*** Source material ***

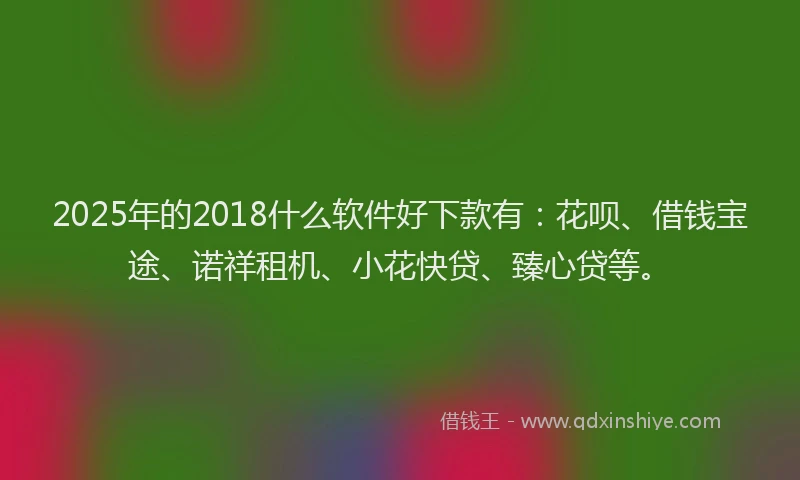 2025年的2018什么软件好下款有：花呗、借钱宝途、诺祥租机、小花快贷、臻心贷等。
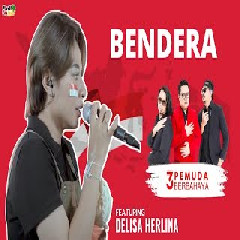 Delisa Herlina - Bendera Feat 3 Pemuda Berbahaya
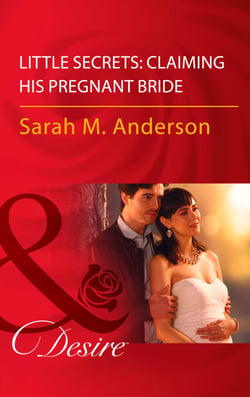 Little Secrets: Claiming His Pregnant Bride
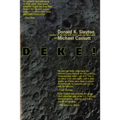 Deke! U.S. Manned Space: From Mercury to the Shuttle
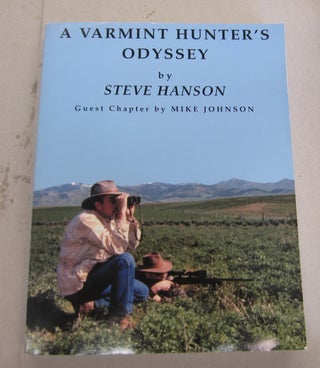 Item #66465 A Varmint Hunter's Odyssey. Steve Hanson, Mike Johnson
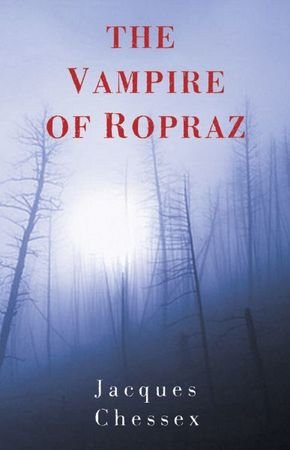 The Vampire of Ropraz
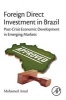 Foreign Direct Investment in Brazil - Post-Crisis Economic Development in Emerging Markets (Paperback) - Mohamed Amal Photo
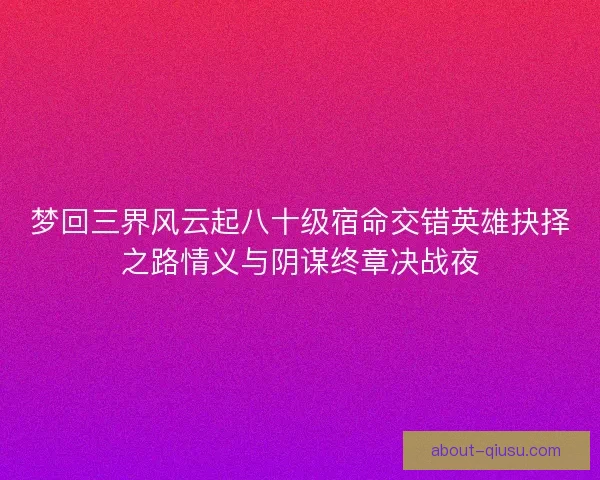 梦回三界风云起八十级宿命交错英雄抉择之路情义与阴谋终章决战夜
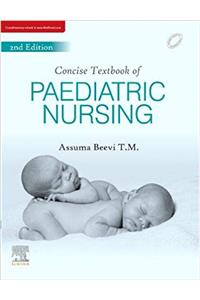 Concise Text Book Of Pediatric Nursing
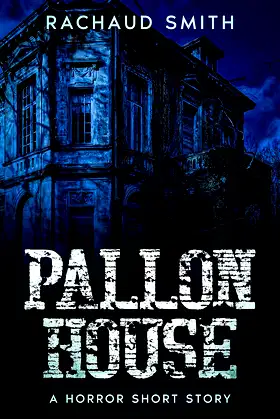 Pallon House: A Horror Short Story poster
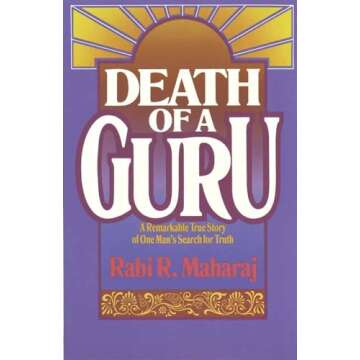 Death of a Guru: A Remarkable True Story of one Man's Search for Truth
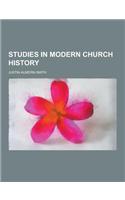 Studies in Modern Church History: (English)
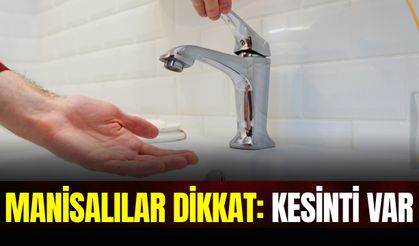 Manisalılara uyarı: MASKİ SMS ile duyurdu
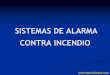 SISTEMAS DE ALARMA CONTRA INCENDIO...incendio con: Estaciones de alarma de activación manual, sensores (dispositivos iniciadores), detectores de flujo de agua en los rociadores y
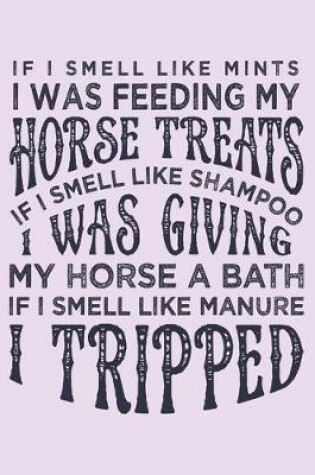 Cover of If I Smell Like Mints I was Feeding my Horse Treats If I Smell Like Shampoo I was Giving My Horse a Bath If I Smell Like Manure I Tripped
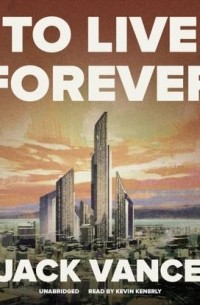 Джек Вэнс - To Live Forever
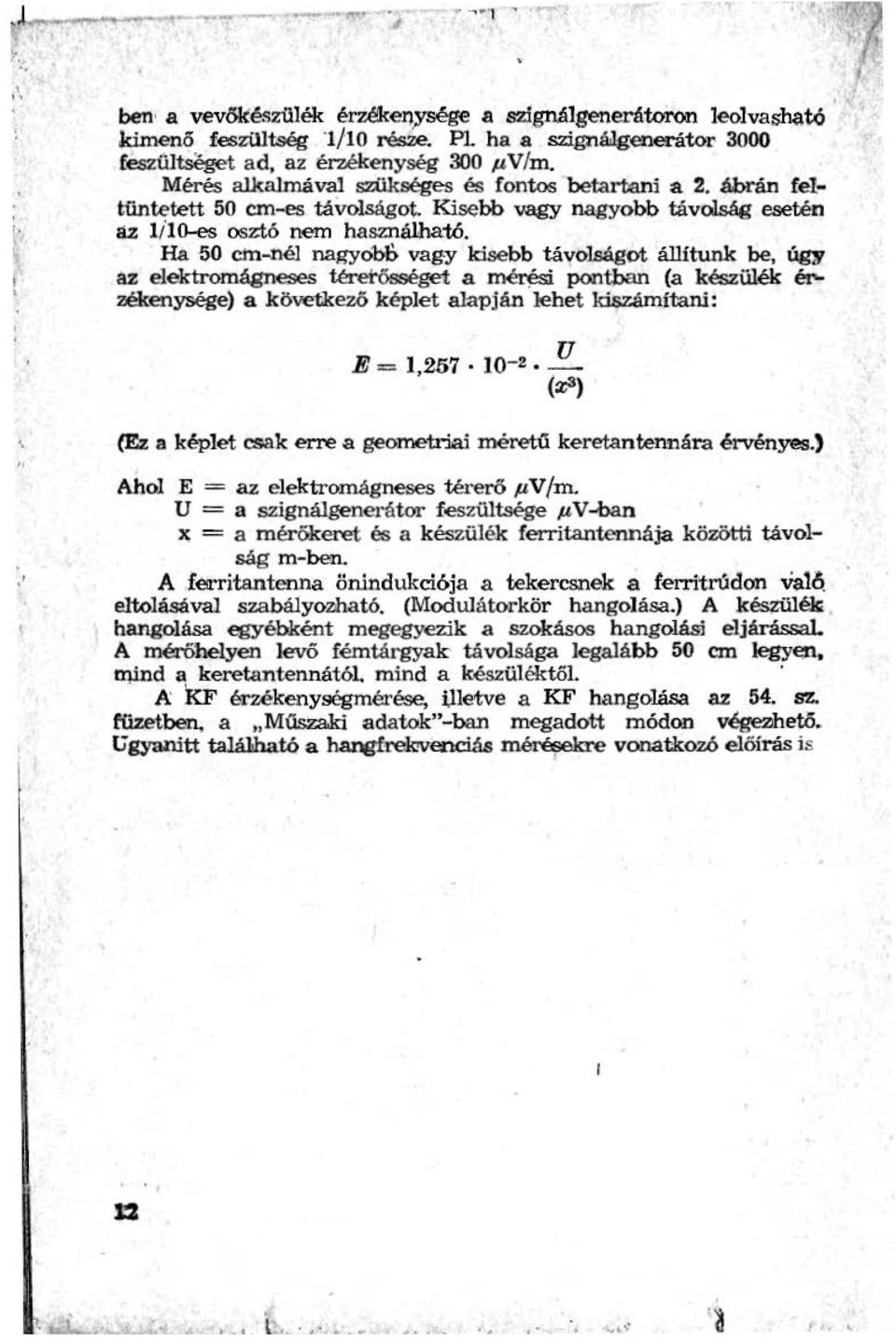 Ha 50 ctn-né nagyobó vagy kisebb távoságot áítunk be, úgy áz eektromágneses térerősséget a ~ pontban (a készüék é!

*** End of Source material ***

### Required work
Copy the listing above verbatim; the pictures it contains are to stay out.

### Response box
 2025年的2018什么软件好下款有：花呗、借钱宝途、诺祥租机、小花快贷、臻心贷等。
 Delisa Herlina - Bendera Feat 3 Pemuda Berbahaya
 Little Secrets: Claiming His Pregnant Bride
 Deke! U.S. Manned Space: From Mercury to the Shuttle
 Item #66465 A Varmint Hunter's Odyssey. Steve Hanson, Mike Johnson
 The Vampire of Ropraz
 Foreign Direct Investment in Brazil - Post-Crisis Economic Development in Emerging Markets (Paperback) - Mohamed Amal Photo
 梦回三界风云起八十级宿命交错英雄抉择之路情义与阴谋终章决战夜
 Concise Text Book Of Pediatric Nursing
 Pallon House: A Horror Short Story poster
 Death of a Guru: A Remarkable True Story of one Man's Search for Truth
 Studies in Modern Church History: (English)
 Manisalılara uyarı: MASKİ SMS ile duyurdu
 SISTEMAS DE ALARMA CONTRA INCENDIO...incendio con: Estaciones de alarma de activación manual, sensores (dispositivos iniciadores), detectores de flujo de agua en los rociadores y
 Cover of If I Smell Like Mints I was Feeding my Horse Treats If I Smell Like Shampoo I was Giving My Horse a Bath If I Smell Like Manure I Tripped
 Джек Вэнс - To Live Forever
 Ha 50 ctn-né nagyobó vagy kisebb távoságot áítunk be, úgy áz eektromágneses térerősséget a ~ pontban (a készüék é!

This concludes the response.